Web page caption snippets
※
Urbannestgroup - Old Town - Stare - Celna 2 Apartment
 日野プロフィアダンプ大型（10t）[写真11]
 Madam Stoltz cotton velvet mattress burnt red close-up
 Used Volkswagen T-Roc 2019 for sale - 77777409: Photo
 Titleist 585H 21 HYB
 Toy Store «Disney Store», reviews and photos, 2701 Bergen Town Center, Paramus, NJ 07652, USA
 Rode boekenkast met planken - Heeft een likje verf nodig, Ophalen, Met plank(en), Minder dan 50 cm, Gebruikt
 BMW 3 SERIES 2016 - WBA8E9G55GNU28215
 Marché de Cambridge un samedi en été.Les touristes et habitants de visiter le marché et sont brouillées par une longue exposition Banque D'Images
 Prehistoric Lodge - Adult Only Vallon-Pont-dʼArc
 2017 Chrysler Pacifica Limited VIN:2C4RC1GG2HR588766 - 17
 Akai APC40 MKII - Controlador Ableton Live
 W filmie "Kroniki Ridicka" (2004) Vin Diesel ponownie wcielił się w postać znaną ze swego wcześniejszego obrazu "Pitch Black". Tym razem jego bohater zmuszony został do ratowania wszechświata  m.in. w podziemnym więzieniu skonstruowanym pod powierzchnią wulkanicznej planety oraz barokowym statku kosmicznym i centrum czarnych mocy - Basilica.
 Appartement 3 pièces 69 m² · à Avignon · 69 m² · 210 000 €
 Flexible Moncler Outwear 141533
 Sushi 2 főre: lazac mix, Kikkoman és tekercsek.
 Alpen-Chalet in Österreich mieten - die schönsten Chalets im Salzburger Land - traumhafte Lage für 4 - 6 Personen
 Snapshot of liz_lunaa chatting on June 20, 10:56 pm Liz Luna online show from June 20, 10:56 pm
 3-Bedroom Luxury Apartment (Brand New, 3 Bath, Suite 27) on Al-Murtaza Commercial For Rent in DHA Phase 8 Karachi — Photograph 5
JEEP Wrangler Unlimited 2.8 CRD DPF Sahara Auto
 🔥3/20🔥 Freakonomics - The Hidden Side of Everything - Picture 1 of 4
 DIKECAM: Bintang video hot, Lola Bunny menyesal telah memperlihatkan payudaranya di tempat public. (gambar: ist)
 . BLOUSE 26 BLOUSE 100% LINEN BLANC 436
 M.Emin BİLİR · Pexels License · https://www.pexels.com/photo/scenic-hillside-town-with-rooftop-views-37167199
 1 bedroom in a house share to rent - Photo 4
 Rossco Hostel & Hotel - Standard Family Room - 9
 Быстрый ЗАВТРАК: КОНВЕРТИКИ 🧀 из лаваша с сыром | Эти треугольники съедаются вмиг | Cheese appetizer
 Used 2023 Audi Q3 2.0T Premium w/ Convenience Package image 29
※
Task item: Each line of the entries above that includes the string "Used" should be copied out.

Exercise output:
 Used Volkswagen T-Roc 2019 for sale - 77777409: Photo
 Used 2023 Audi Q3 2.0T Premium w/ Convenience Package image 29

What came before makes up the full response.